> PROBLEM STATEMENT
Within the material below, transcribe exactly the lines from the one holding "LANGLEY OAKS - Residential Lease" through the one holding "Máquinas CNC en", keeping both ends and skipping the rest.

> DATA EXCERPTS
>>>>
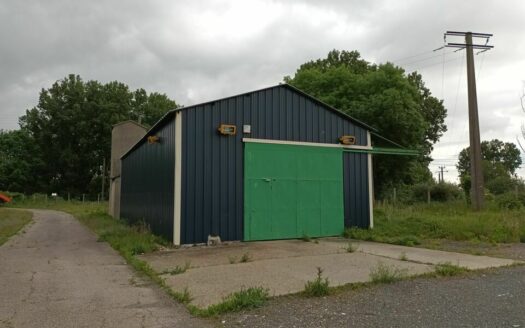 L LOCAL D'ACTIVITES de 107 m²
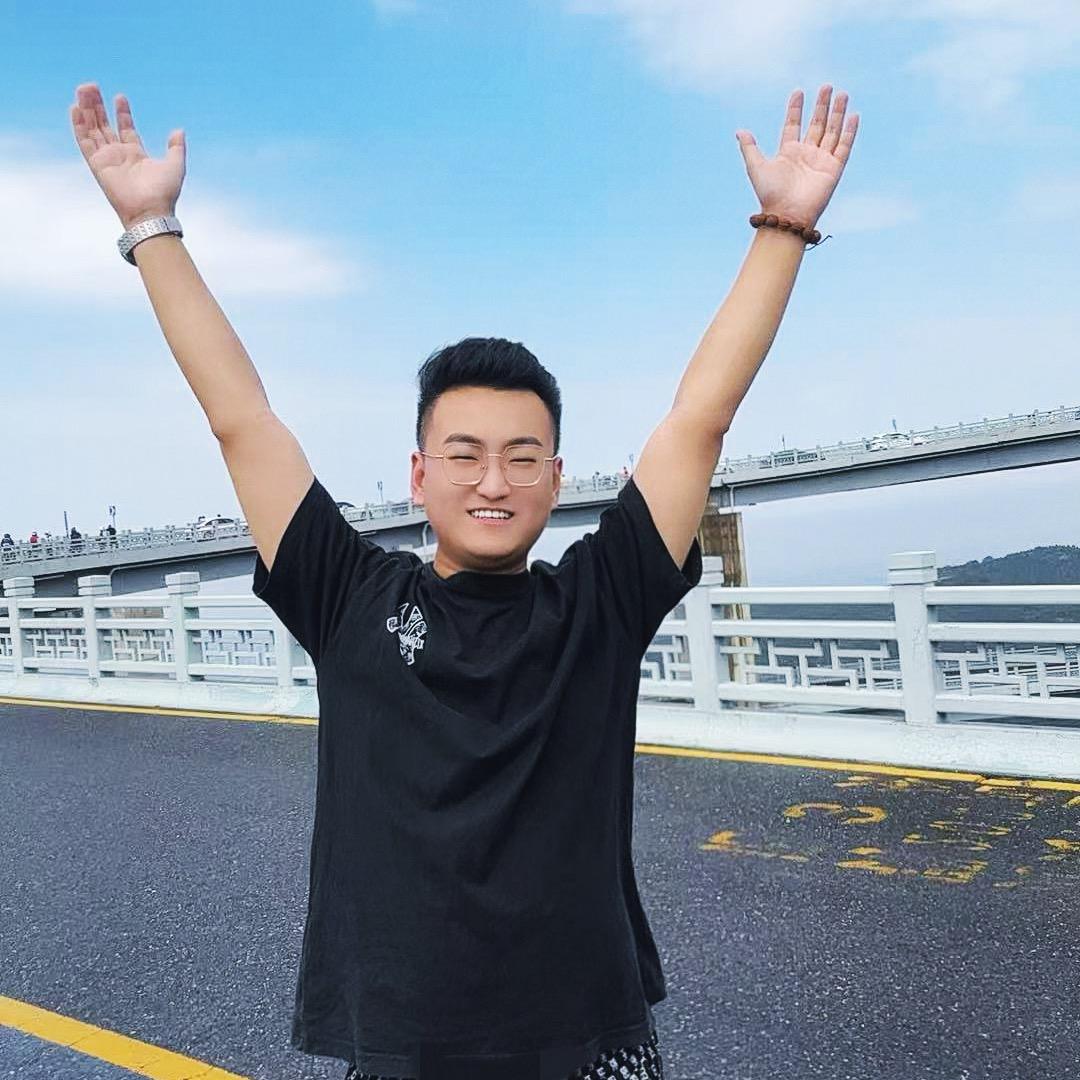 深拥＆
<<<<
>>>>
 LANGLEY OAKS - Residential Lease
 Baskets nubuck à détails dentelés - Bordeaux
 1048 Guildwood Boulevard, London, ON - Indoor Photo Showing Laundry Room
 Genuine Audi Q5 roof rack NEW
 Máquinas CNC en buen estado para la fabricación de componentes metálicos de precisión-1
<<<<
> RESPONSE AREA
 LANGLEY OAKS - Residential Lease
 Baskets nubuck à détails dentelés - Bordeaux
 1048 Guildwood Boulevard, London, ON - Indoor Photo Showing Laundry Room
 Genuine Audi Q5 roof rack NEW
 Máquinas CNC en buen estado para la fabricación de componentes metálicos de precisión-1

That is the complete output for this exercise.